REPUBLIKA.CO.ID, YOGYAKARTA -- Kepala Balai Penyelidikan dan Pengembangan Teknologi Kebencanaan Geologi (BPPTKG) Yogyakarta, Subandriyo, Senin (18/11), mengatala, letusan Gunung Merapi hari ini, lebih dipicu akumulais gas di permukaan magma dan dipicu gempa tektonik di Ciamis pada pukul 04.52 WIB berkekuatan 4 Skala Richter.
"Gempa ini kemudian mengocok perut Merapi sehingga menekan gas keluar," katanya di Yogyakarta, Senin (18/11).
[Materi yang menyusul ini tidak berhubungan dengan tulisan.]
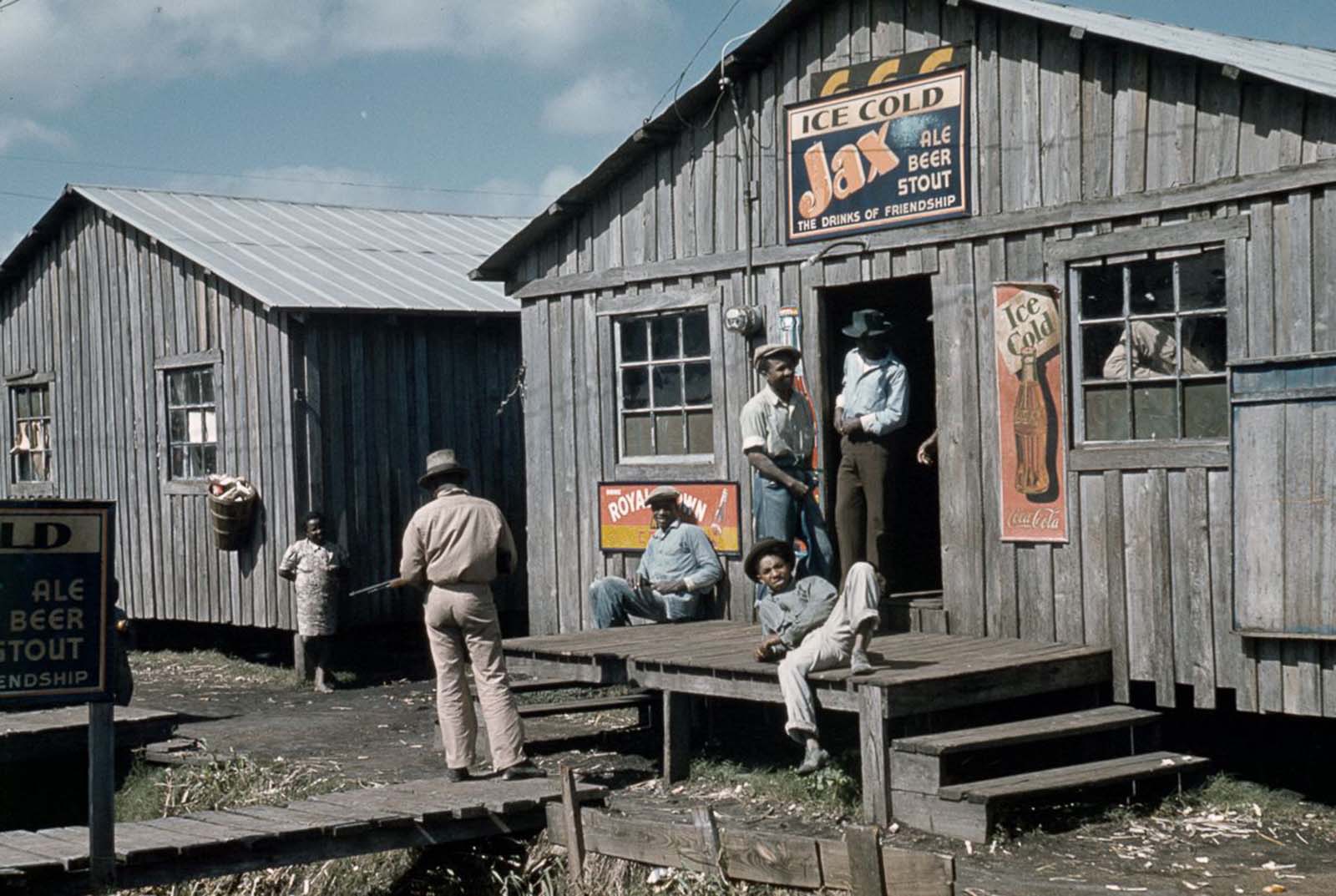 Migrant congregate outside a juke joint during a slack season in Belle Glade, Florida. 1941.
Meski letusan tersebut mengeluarkan kolom asap hingga dua kilometer dan membawa abu serta kerikil, namun menurut Subandriyo, tidak berbahaya. Sebab, letusan ini tidak membawa lava panas maupun awan panas yang menyebabkan 'wedus gembel'.
Walau tidak berbahaya, BPPTKG merekomendasikan pendakian ke Puncak Merapi hanya sampai pada satu kilometer di bawah puncak. Pasalnya, aktivitas serupa bisa saja terjadi jika ada pemicunya kembali.
Karena tidak berlanjut, maka aktivitas Merapi statusnya masih aktif normal. Selain gempa Ciamis, aktivitas hujan deras hampir sepanjang hari pada Ahad (17/11) kemarin diprediksikan juga memicu peningkatan aktivitas tersebut.
Karena ketinggian kolom asap tersebut dan hembusan angin ke arah Timur maka material vulanus verupa abu terbang hingga wilayah Sragen. "Iya hujan abu dikabarkan sampai 60 kilometer dari Merapi tepatnya sampai wilayah Sragen," kata Subandriyo seraya mengatakan letusan yang dikeluarkan Gunung Merapi, hari ini merupakan jenis letusan freatik.
Diakuinya, letusan Freatik ini diperkirakan bisa saja terjadi lagi di Merapi. Sebab hingga kini sudah tiga kali Merapi melakukan aktivitas yang sama usai erupsi 2010 lalu. "Hanya ini yang paling besar," ujarnya.
Hal ini wajar, sebab pascaerupsi eksplosif 2010, Merapi cenderung memiliki gas vulkanis yang cukup tinggi. Sehingga tekanan-tekanan yang dihasilkan juga tinggi. Selain itu kubah lava yang terbentuk 2010 lalu tidak tertutup sama sekali, sehingga jika gas tersebut tertekan ke atas akan menyebankan letusan-letusan serupa.